→ Assignment
The data must be given again exactly as written, with all images omitted.

→ Collected data
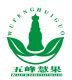 Shanxi Wutai mountain hippophae goods LTD.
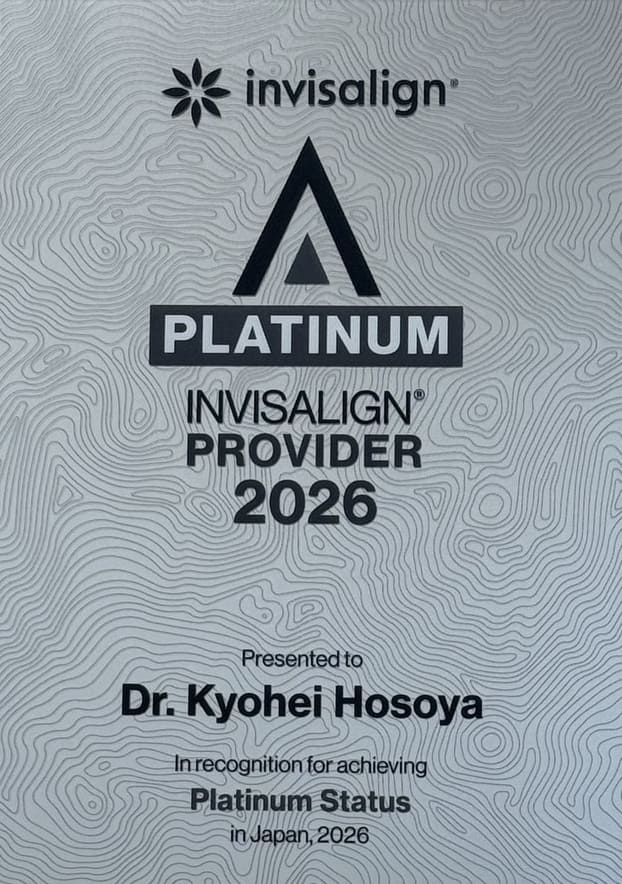 葛飾で矯正するなら「奥戸いろは歯科」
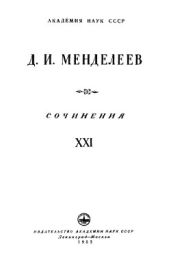 Т.21. Экономические работы. Том IV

→ Solution
 Shanxi Wutai mountain hippophae goods LTD.
 葛飾で矯正するなら「奥戸いろは歯科」
 Т.21. Экономические работы. Том IV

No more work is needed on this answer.